In an attempt to deal with exacerbation of symptoms and other benefit management problems, the Social Security Administration developed the representative payee program (4), through which a responsible other—often a family member—is appointed as the payee to be in charge of the ill person's finances to ensure that disability payments are used for healthy purposes. Representative payee arrangements have also become part of many assertive community treatment programs, with the treatment team acting as payee and using this function to retain and reward contact with the individual.

Research by Ries and Dyck (5) indicated that about two thirds of mental health centers in Washington State acted as representative payees for some of their patients. Co-occurrence of substance abuse or dependence with mental illness was one of the main factors in this arrangement. However, despite the fact that research has evaluated therapeutic interactional effects (6) and has documented positive outcomes (7,8) related to representative payee arrangements, no published randomized controlled trials have evaluated the clinical effectiveness of the payee intervention.

The study reported here was designed as a randomized controlled clinical trial of contingent versus noncontingent management of Supplemental Security Income (SSI) disability benefits in a sample of patients with both substance abuse and severe mental illness. Contingent management was designed to adjust the type or frequency (not amount) of disability benefits and payment for study participation based on evaluations of substance use, money management, and treatment follow-through. Our goals in this pilot study were to make the contingency intervention clinically practical and then evaluate both feasibility and outcomes (9).

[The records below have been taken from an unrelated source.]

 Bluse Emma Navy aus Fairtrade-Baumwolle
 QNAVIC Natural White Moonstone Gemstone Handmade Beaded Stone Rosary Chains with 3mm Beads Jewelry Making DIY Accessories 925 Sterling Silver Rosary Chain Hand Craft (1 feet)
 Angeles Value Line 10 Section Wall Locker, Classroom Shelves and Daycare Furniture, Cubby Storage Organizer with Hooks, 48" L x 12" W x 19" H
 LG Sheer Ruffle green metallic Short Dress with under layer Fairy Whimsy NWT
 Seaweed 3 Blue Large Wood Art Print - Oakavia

The study was conducted from July 1999 to July 2001. The sample comprised 41 patients with severe and persistent mental illness who were attending an urban mental health center and who were all receiving mental disability payments through SSI or Social Security Disability Insurance (SSDI). These 41 patients were volunteers from a group of approximately 140 patients for whom the mental health center was the representative payee. The study sample was demographically representative of the larger group from which it was drawn. The psychiatric diagnoses of the sample were schizophrenia or schizoaffective disorder (30 patients, or 73 percent), major recurrent depression or bipolar disorder (ten patients, or 24 percent), and other diagnoses (one patient, or 2 percent). All patients had DSM-IV diagnoses of substance dependence with active substance use in the previous six months. The major drugs used by the participants were alcohol (25 patients, or 61 percent), marijuana (16 patients, or 39 percent), and cocaine (12 patients, or 29 percent); a large number of patients were polydrug users (16 patients, or 39 percent).

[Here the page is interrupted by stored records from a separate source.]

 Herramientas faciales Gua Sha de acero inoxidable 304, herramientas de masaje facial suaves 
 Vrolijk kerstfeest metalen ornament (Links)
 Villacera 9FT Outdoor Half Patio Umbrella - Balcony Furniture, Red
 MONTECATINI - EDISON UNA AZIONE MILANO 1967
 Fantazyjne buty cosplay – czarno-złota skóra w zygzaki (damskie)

The study was approved by the institutional review board of the University of Washington in Seattle. The mental health center was the representative payee for all patients. To be included in the study, the patient had to provide written informed consent and his or her treatment team had to concur that the patient was able to safely participate in the study. In addition, a "safety net" category was developed and advocated for by the institutional review board, such that the clinical team could remove patients from the research payee management arrangement and return them to clinical management because of safety concerns but allow the patients to continue to provide data if they so chose.

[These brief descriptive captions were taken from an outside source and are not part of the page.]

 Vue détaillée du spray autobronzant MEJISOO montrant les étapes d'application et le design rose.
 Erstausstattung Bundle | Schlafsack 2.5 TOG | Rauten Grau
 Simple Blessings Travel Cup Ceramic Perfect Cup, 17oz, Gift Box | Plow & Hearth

The study design involved a three-month baseline period, after which patients were randomly assigned to have their benefits contingently or noncontingently managed for a 27-week period, stratified according to baseline substance use and blocked by case manager. Twenty-two patients were assigned to the contingently managed group and 19 to the noncontingently managed group. Stratification and blocking were used because of the relatively small number of patients and the limited number of case managers (N=12), which prevented an overrepresentation of patients with high levels of substance use in one of the intervention groups, or one case manager having all patients in one or the other intervention group. Fidelity recordings were used for monitoring purposes and to ensure that case managers followed their printed protocols.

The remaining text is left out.